August 2nd, 2008After hearing that the fire restrictions were being lifted on Aug 1st, 2008 my friend, Sean, and I decided to hike up Mt. Adams. After doing some research right here on SummitPost we decided to do the South Spur route. We figured we would get up early on Saturday and day hike the route. Due to pure laziness we didn't get on the road until 0510. We hit the ranger station to get the volcano pass and continued on up to Cold Springs Camp Ground. Sean apparently thought I was driving too fast on the one lane dirt road but we made it unscathed. After parking we set off on the trail. Well, it turned out we were on the wrong trail and I had to use the GPS to get us back on the right track. After that minor set back we were moving pretty good. I think we covered the first 2.5 miles in about a hour. The trail was well marked and as soon the real elevation climbing began we were guided by rock piles with 4x4's sticking out of the top.
We continued up the volcanic rock which was steep but easy. There were some tents right at 8000 ft and we saw a group of about 6 ahead of us on the trail. At this point we were feeling good and encouraged to see some other people on the trail because we started to feel as though we started WAY too late. We hit the glacier zone at around 1030 and over took the group we saw earlier. I put on my crampons and got out the ice axe. Sean had decided to go on this hike even though he didn't have any gear. Needless to say, he didn't have crampons.(or boots, ice axe, gloves, etc.) I gave him my trekking poles so he could have some balance on the snow.

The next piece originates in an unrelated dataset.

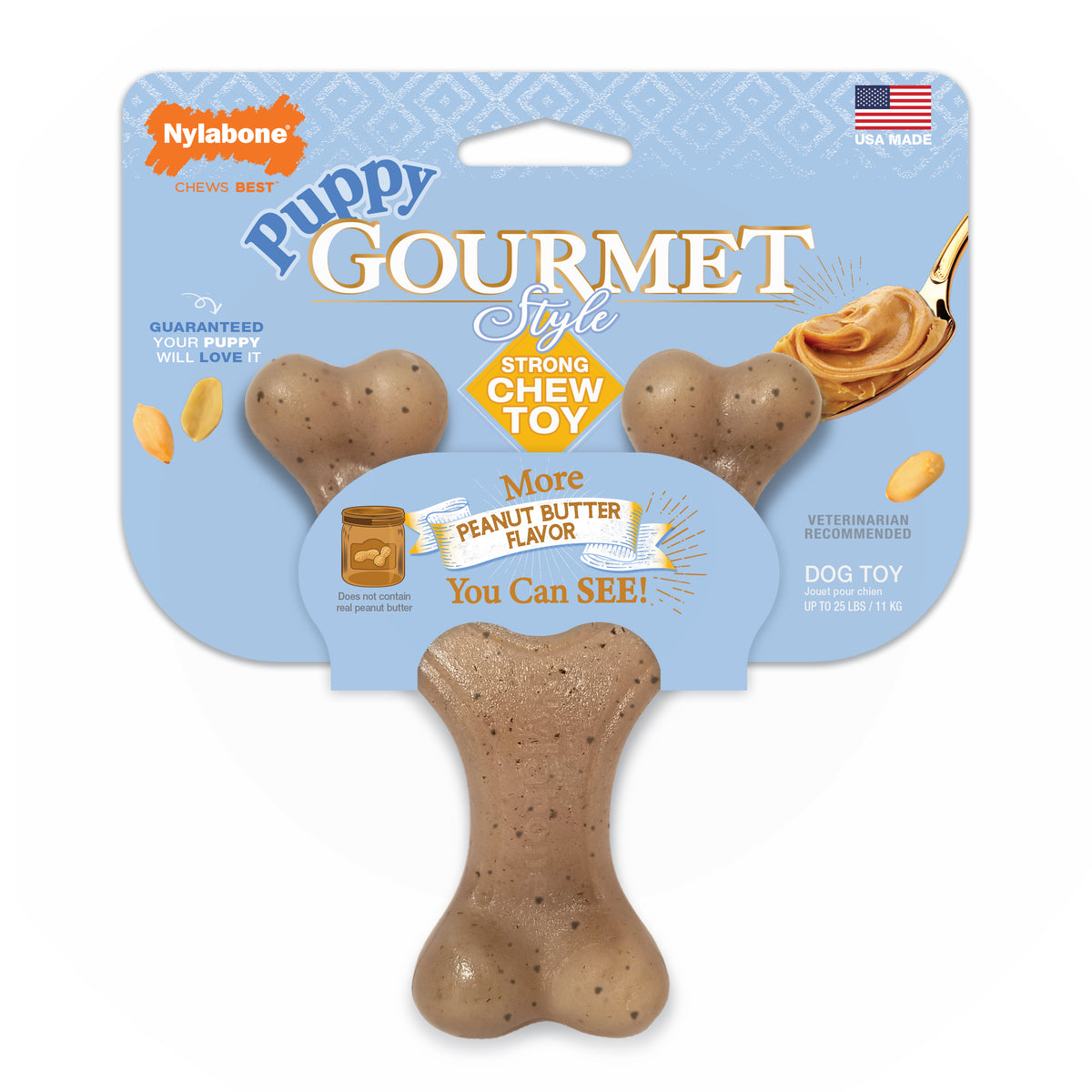 Nylabone Strong Chew Gourmet Style Wishbone Puppy Chew Toy Peanut Butter Small (1 Count)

This is where the real uphill hiking begins. It's basically snow and ice with holes melted in for over three thousand feet. The angle varied between 15 and 35 degrees. Even on the steep parts a fall wouldn't have been too dangerous because of how the snow was melted with huge diviots in it.
We were passing people all the way up. I couldn't believe how big some of the bags were I saw people carrying up toward the summit. I would imagine a lot more people would have kept going up if they weren't carrying their kitchen sinks. Anyway, we wound up with three guys that were climbing about the same speed. Sean was having a really tough time without crampons and his legs were locking up. He sat down during a rest and said he was going to stop and wait for me on the way back. I gave him some advil and he drank some water and was suddenly good to go again. Another few hundred feet and we hit 11k and I started feeling like crap. A little nausea and a headache. I took some advil and pushed on. By the time we hit Piker's Peak both of us felt great. Advil is apparently a wonder drug. Ha. The wind was really blowing so we geared up and moved on.

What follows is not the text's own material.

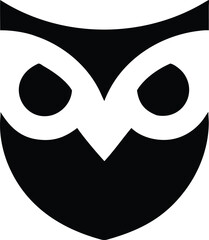 Bold, high-contrast owl emblem combining symmetry, sharp angles, and fluid line transitions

We passed over some dirt and crossed a EXTREMELY annoying ice field with the final summit hill looming over us. I believe this ice area was one of the worst walking enviroments known to man. Well, maybe not that bad but it sucked. Every step was a real risk of a broken ankle or a nasty fall. Remember, Sean had regular shoes on. Ok, once that nightmare was behind us we started up the final hill. It's about 800 feet up through loose rock and soup mud. It was tough but we made it with two of our climbing buddies at 1357. We took some pics and looked around for the register which I found in a metal box on the south side of the hut.
Sean didn't have any gear and only low-top hiking shoes and a ten dollar jacket. It's pretty impressive that he made it up to the summit. As he was passing people that were "geared out" heading back down because it was too tough I saw that hiking/climbing is about doing what you want to do. Gear helps and is necessary sometimes but it's more about what you want to accomplish. Anyway, great job to Sean who was one of about 10 people to make it up that day. I'm guessing about 30-40 tried.
By this time we were both cold. Our thermometers read in the low thirties and there was about 30 kts wind. Time to go. After getting down the summit hill and crossing the devils joke (ice field) we hit Pikers Peak. This is where the fun began. We glissaded down from Pikers to the bottom of the glacier area at 100 meters at a time. I think we dropped about 3-4k feet in an hour. It was awesome.
[img:427860:aligncenter:medium:The last glissade of the day.]
When the fun was over it was another couple of miles of walking which we covered in about 45 minutes. The last half mile lasted forever. We arrived at the car at 1730 and prepared for our drive back to Hood River, OR. It was a successful day. We achieved the summit and stayed safe. The next day Sean was at REI buying gear for future trips!